I've collected data for a project where most of my data points have a value less than 6. I want to display the data so that I can see the spread of data points per categorical variable on the x axis but am struggling to find the best method.

data:

"x" , "y" |
"A", 2.29 |
"A", 1.24 |
"A", 4.47 |
"A", 0.49 |
"A", 2.51 |
"A", 28.1 |
"A", 371.4 |
"A", 729.5 |
"B", 0.89 |
"B", 4.16 |
"B", 153.2 |
"D", 0.3 |
"D", 0.33 |
"D", 0.64 |
"D", 1.61 |
"D", 0.54 |
"D", 70.84 |
"D", 45.45 |
"E", 0.57 |
"E", 0.69 |
"E", 6.28 |
"E", 230.5 |
"C", 18.74

So far, I've generated a dot-plot using the following command:

library(ggplot2)
library(ggthemes)
library(tidyverse)
library(ggpubr)
library(ggforce)
data_graph <- ggplot(data, aes(x = x, y = y, color = x))+
geom_point(stat = "identity", position = "identity", size = 10, alpha = 0.6) +
labs(x = "x", y = "y") +
scale_color_manual(values = c("#FF6666", "#9966CC", "#0099FF", "#66CC66", "#FF66CC"), name = "data", labels = c("A", "B", "C", "D", "E")) +
theme(legend.title = element_blank()) +
stat_summary(geom = "point", fun = "mean", col = 'black', size = 5, fill = 'black') +
stat_summary(fun.data = "mean_se", geom = "errorbar", width = 0.15) +
theme_base(base_size = 14, base_family = "Times New Roman")+
scale_x_discrete(labels = c("A", "B", "C", "D", "E"))
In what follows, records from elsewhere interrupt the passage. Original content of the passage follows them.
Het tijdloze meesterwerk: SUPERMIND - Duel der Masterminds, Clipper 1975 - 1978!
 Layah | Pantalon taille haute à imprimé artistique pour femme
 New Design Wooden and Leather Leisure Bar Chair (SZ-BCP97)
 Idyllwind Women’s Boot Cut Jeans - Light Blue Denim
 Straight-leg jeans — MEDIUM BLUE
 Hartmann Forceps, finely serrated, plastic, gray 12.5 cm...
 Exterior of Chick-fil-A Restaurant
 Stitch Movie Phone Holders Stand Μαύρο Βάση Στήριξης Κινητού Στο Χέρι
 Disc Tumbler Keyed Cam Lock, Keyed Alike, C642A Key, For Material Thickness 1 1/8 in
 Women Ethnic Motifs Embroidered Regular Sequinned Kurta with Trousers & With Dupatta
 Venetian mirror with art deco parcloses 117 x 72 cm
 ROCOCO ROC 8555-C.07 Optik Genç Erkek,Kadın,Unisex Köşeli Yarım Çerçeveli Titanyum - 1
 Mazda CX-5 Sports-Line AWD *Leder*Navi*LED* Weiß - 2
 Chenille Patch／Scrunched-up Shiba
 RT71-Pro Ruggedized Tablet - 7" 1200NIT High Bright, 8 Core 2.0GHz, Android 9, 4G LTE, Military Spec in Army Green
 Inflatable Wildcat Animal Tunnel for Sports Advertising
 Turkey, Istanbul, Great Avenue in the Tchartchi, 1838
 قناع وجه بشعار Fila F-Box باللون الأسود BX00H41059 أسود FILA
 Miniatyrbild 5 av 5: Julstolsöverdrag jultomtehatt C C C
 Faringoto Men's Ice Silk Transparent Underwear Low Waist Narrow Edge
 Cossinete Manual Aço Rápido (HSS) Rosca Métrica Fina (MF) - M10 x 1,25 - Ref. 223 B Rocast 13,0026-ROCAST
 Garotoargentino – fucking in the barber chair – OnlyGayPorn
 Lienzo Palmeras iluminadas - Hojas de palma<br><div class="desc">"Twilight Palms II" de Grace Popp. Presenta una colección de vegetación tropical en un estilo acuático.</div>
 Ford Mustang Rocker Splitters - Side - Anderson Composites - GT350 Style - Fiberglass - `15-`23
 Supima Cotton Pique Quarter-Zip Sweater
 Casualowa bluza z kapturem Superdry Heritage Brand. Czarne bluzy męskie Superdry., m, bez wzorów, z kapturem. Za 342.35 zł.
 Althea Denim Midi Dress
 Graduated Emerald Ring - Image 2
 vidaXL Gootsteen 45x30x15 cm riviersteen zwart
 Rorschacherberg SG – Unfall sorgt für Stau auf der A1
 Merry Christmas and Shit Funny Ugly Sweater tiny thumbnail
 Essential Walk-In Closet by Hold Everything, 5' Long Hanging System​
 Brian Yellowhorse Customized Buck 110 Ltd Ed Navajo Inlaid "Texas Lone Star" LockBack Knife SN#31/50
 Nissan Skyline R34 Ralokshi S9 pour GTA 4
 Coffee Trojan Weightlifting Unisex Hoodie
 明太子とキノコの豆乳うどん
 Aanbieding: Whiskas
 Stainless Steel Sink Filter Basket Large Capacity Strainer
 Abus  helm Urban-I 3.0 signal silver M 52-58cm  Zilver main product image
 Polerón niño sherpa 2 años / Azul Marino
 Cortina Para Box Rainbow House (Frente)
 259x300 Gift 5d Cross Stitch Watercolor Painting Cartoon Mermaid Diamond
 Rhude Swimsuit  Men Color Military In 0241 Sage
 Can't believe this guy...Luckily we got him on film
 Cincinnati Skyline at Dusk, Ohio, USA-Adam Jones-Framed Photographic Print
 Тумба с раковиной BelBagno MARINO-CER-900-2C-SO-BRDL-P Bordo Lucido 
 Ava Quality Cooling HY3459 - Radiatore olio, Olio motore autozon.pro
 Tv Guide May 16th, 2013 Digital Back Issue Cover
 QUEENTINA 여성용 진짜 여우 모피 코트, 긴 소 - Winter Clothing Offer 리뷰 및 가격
When I tried facet_zoom() and use ylim = c(0,8) to subset all data points with a Y value below 8, I get the following error:
Error in [<-(tmp, !is.na(alpha), 4, value = alpha[!is.na(alpha)]) : (subscript) logical subscript too long In addition: Warning message: In rep(colour, length.out = length(alpha)) : 'x' is NULL so the result will be NULL

How do I go about this error? Is there another method in R to subset data?

Thank you in advance.

Ryan

AlexisW · August 14, 2020, 12:16am

You can use

scale_y_continuous(limits = c(0,8))

To show the spread of your data, depending on the context, you can also consider using a violin plot (geom_violin) or boxplot, or to switch the y axis to a log scale (scale_y_log10).

EDIT: and if you're not making any other change to the axis, you can use ylim() directly:

ggplot(df, aes(x = x, y = y, color = x)) +
  geom_point(size = 10, alpha=.6) +
  ylim(0,8)

system · September 4, 2020, 12:16am

This topic was automatically closed 21 days after the last reply. New replies are no longer allowed.